The text messages from Oregon fans were surprising, and yet they helped open his eyes to what a passionate fan base the Ducks have.
“I don’t even know who they are,” he said of the people who have been trash-talking through social media this week. “They’re getting in contact with me, I don’t know. I guess they’re texting me, trying to send me Facebook (messages). I don’t know how they got (my cell phone number).”
Through it all, Price has maintained his sunny disposition.
Nothing seems to rattle the happy-go-lucky kid from Compton. He grew up in a tough neighborhood and, as a senior in high school, had one of his closest friends get shot in the neck.
So preparing for his first collegiate start isn’t enough to shake Price’s spirits.
“He loves the game, he loves playing it, and that’s what he shows,” wide receiver Jermaine Kearse said. “He has fun with it, and he loves it.”
On the field, Price has shown an ability to play without fear as well.

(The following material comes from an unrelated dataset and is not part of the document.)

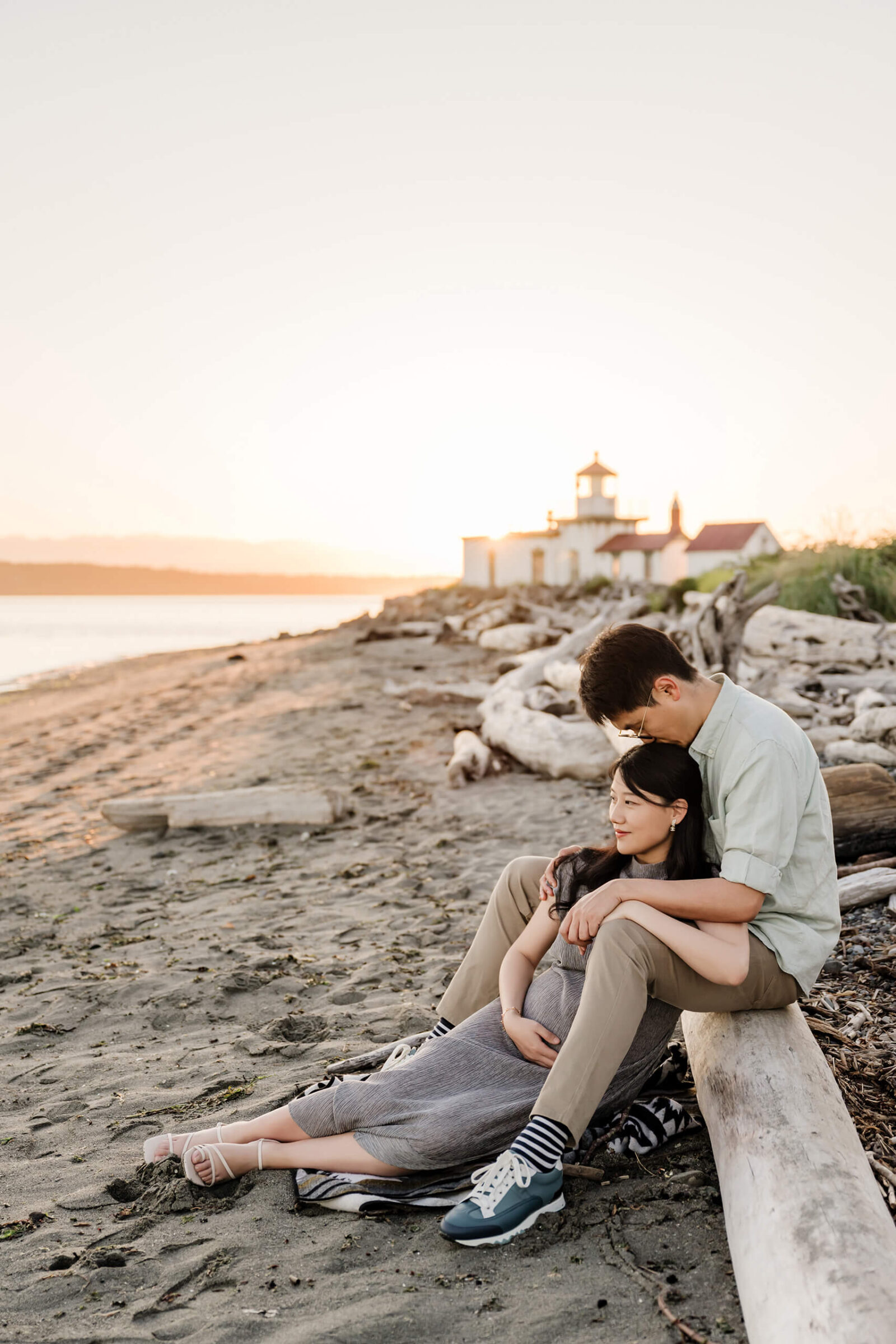 Pregnant mother leaning against her partner on a Seattle-area beach with a lighthouse in the background.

When an injury forced Locker off the field early in the fourth quarter of a game at USC last month, Price stepped in and threw a short touchdown pass on his first snap. While Locker has been hobbled by quad and rib injuries in the weeks that followed, Price has aptly run the No. 1 offense at nearly every practice.
But playing at Autzen Stadium is an entirely different animal.
“I think the whole key to this thing is: not being distracted,” said Huskies coach Steve Sarkisian, who was part of the USC staff when Trojans quarterback Mark Sanchez made his first career road start at Oregon. “At times at Autzen, you can be distracted — not only by the noise, but the frantic atmosphere that is there.
“I think what’s key is to hone in on what we want to accomplish, focus on the task at hand, but also enjoy the experience of it. You’re not going to be oblivious to it, so you better be able to embrace it and enjoy it, but also focus on the task at hand.”
If anybody’s ready to step into the hornet’s nest that is Autzen, it’s the kid from Compton with the never-ending smile.
“Keith’s just excited to be out there,” Kearse said. “He’s been waiting for his chance, and he’s ready to show his talent.”
For the second day in a row, Sarkisian played quarterback with the scout team Wednesday. With a sore arm and an ailing back from the previous day’s work, the 36-year-old coach and former quarterback threw five interceptions while trying to run the Oregon offense. Sarkisian wanted to run the Ducks’ offense so that he could show UW’s starting defense what the tempo will be like in Saturday’s game. “I felt better today,” he said after Wednesday’s practice. “I was a little exhausted (Tuesday). I was just tired today.” … The Huskies appear ready to make another switch on their offensive line, with seniors Gregory Christine at guard and Cody Habben at tackle stepping in for true freshmen Colin Porter and Erik Kohler. Both seniors replaced their younger teammates in the first quarter of last week’s loss to Stanford, and they have continued to run with the No. 1 offense at practices this week. “It’ll be a great challenge for them,” Sarkisian said of his offensive line facing the Ducks. “Oregon is very good up front.”